୨୧ i am single, however, i'm not ready for a relationship right now, so though i care for and cherish, handle with maximum respect any sweet advances in my regards, it is hard for me right now to put myself in that stable position because i'm going through a hard time emotionally and physically. i wouldn't be ready to welcome and cherish someone the way they deserve. i though include the possibility for myself in the future, but not now. please don't guilt trip me around this or try to make me feel bad, i really don't appreciate it.
୨୧ i'm affectionate as a person and i will find extremely enjoyable and lovable, a whole gift to take care of butches and fellow femmes seeking for care, sweet words or company. i truly adore giving out my love to others and it makes me feel joy and i treasure so much anyone i can get to, with it.
୨୧ i'm here to form long-term community and relations and build a stable and safe space, so i am here to help, listen and be around for you, if you need me. i have brought away for myself the chance to be myself for a long time but now i don't anymore. this blog validates me and brings me joy and i need to keep it safe as much, so i kindly ask to respect these boundaries and disclaimers i have given while being around me. i trust i have around me people that can respect me and be good to me so i don't doubt your intentions towards me.
wishing every each of my darling love lesbians sapphics dear ones here a kind beginning of this new cycle, hoping it has been tender to you so far. i hope you keep in mind that there is still time for every of your needs and that a new year doesn't mean an impending toll that time is flowing off from your hands, but it rather means that chances for you are always showing up anew because you deserve to retry, restart, be again however you need.
hope all of my femmes and butches here have been told lately how valid and dear their existence is, and i want to remind you i am grateful to be considering myself part of something greater that includes you. our existence and our person matters, and i hope you never think otherwise. your love matters. your being matters. all that makes your identity and you as yourself matters.
hoping this new year brings us all more safety, more space for action and defense and speech, and all what brings us existence in the way we need <3
i miss being around here so much, and i hope to come out with more writing in the future.
but more time will be taken off for various little personal reasons. meanwhile, you can explore my tags #butch appreciation or #lesbian yearning if you need a little sweet hint for your day.

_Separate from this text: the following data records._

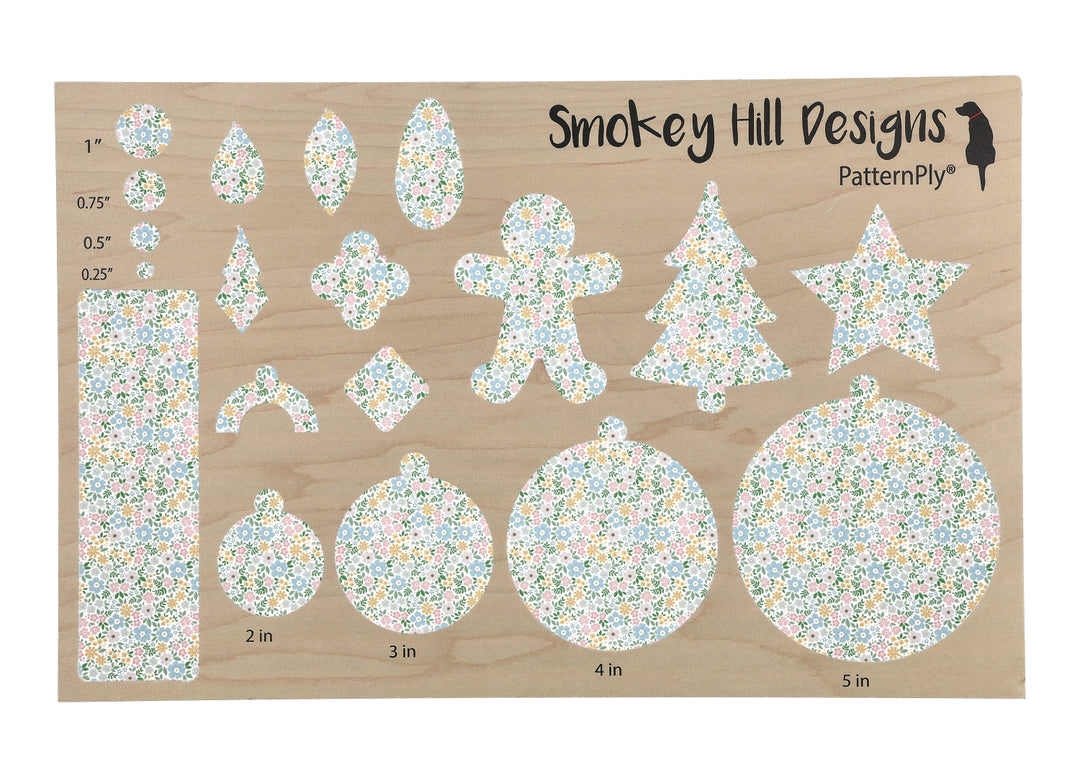 PatternPly® Scattered Easter Morning Garden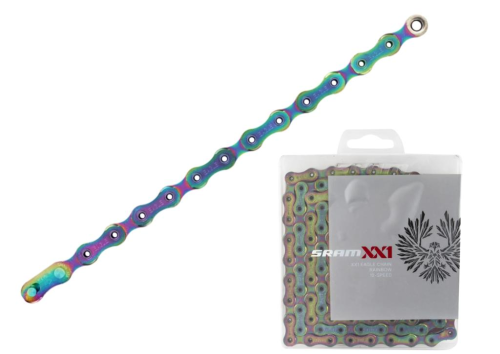 CORRENTE SRAM XX1 EAGLE 12V C.RAINBOW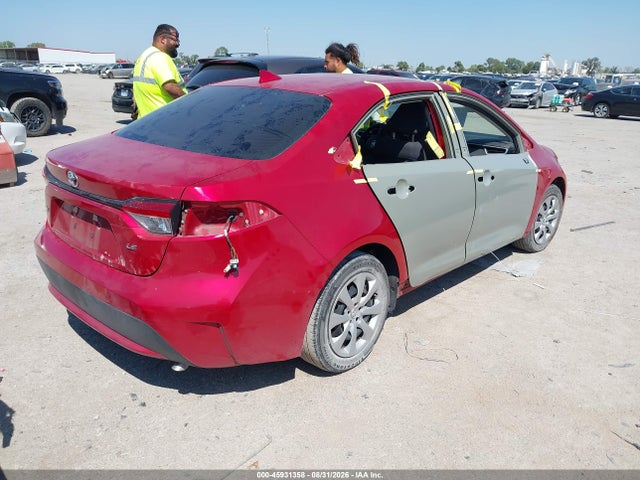 45931358 :رقم المزاد ، 5YFEPRAE1LP033986 vin ، 2020 Toyota Corolla Le مزاد بيع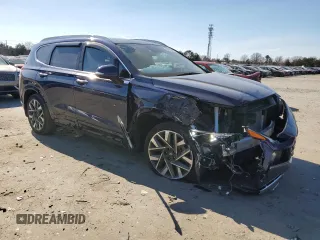 2023 Hyundai Santa Fe Calligraphy with VIN 5NMS54AL9PH576772, listed as a Copart auction lot 46833365 with 18,848 mi miles and Salvage Title. Bid and sale history available at carsss.com. Image 4.
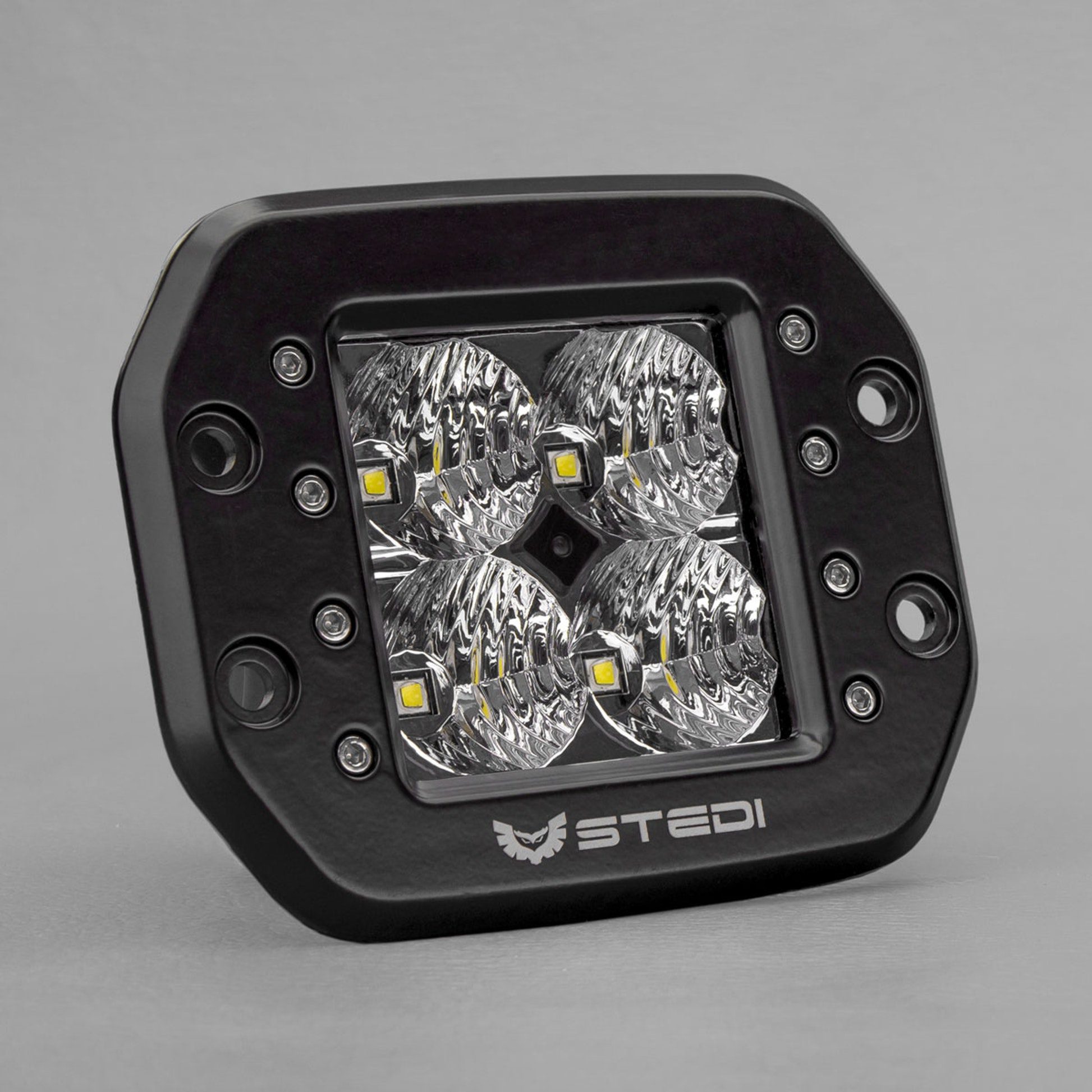 FLOOD – C-4 BLACK EDITION FLUSH MOUNT LED LIGHT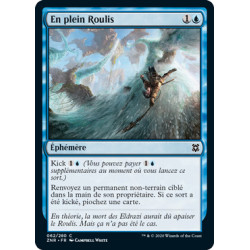 (Foil) Bleue - En plein Roulis (C) [ZNR]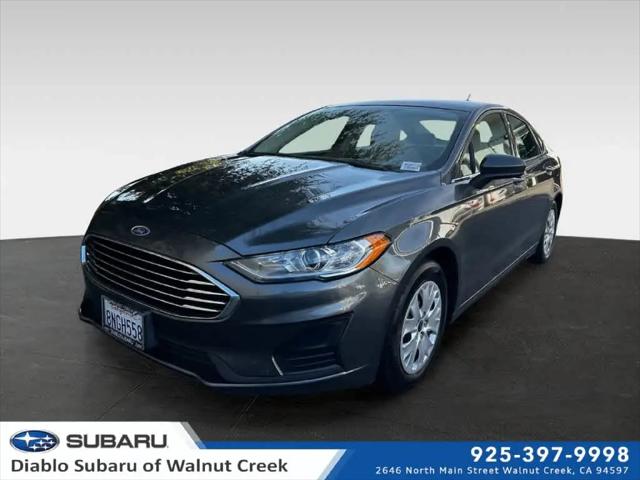 2019 Ford Fusion S for sale in Walnut Creek, CA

i wanted to wish to my lesbians sapphics beloved ones here ahead a dear period of holidays, as well a sweet end of the year and an even sweeter beginning of the new year. <3
i hope that you can recognize yourself that you have done all in your power to keep things unraveling for this year, and that you did your best because in fact best is what has been done the moment you could do it. i hope you can spend this time knowing that someone loves and appreciates you, no matter where you might spot them across the space of your own happening. i hope you can stay hopeful for better times if you need any to reach you, and i as well do send my thoughts if that's what your person is asking for at the moment.

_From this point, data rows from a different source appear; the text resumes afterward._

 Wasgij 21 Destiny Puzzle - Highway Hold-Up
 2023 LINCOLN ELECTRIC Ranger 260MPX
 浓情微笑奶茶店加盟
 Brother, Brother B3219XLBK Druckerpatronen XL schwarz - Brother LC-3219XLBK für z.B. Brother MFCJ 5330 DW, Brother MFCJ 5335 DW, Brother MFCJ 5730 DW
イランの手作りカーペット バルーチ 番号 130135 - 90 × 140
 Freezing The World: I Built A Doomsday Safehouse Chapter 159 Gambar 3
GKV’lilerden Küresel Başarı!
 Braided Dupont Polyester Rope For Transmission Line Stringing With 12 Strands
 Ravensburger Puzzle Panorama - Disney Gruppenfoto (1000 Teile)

i am thankful for everyone that has crossed my path this year on this account, people that have come and people that eventually have gone, and people that in the present time still appreciate my presence in their lives. across every of these circumstances, i was lucky to be able to express myself in this space and receive affection and possibility, even during such a rough and deeply painful period of my life. might we all be fleeting moments on a screen, i still find every of you deserving of recognition and goodness and i hope i might, somehow, be seen remotely as such as well. and i hope you can consider me as someone unknown, and yet on your side. i hope to encounter a better year for myself, love, and eventually come back to use this space like i once have before, and spend more time out in the open where for now i have grown a bit fearful of spending.
i love you to bits and i consider every of you here community i belong to, butches and femmes, and this femme identity of myself that in the lowest times still is my certainty, solace and north star guiding.

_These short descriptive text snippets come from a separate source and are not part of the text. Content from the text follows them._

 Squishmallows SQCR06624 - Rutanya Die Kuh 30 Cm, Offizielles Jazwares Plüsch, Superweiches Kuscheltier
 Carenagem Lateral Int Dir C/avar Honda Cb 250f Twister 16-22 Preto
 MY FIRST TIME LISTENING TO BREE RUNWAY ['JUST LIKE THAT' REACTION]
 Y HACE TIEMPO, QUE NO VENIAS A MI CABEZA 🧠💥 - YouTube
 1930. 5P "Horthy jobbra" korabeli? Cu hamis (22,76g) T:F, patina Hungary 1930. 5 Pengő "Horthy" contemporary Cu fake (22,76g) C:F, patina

be safe, take care, and speak to yourself gentle as you can.
i am proud of you, and so i will be, as long as you will keep being yourself.
see you in 2026 <3
forehead kisses,
dove
i wanted to wish to my lesbians sapphics beloved ones here ahead a dear period of holidays, as well a sweet end of the year and an even sweeter beginning of the new year. <3
i hope that you can recognize yourself that you have done all in your power to keep things unraveling for this year, and that you did your best because in fact best is what has been done the moment you could do it. i hope you can spend this time knowing that someone loves and appreciates you, no matter where you might spot them across the space of your own happening. i hope you can stay hopeful for better times if you need any to reach you, and i as well do send my thoughts if that's what your person is asking for at the moment.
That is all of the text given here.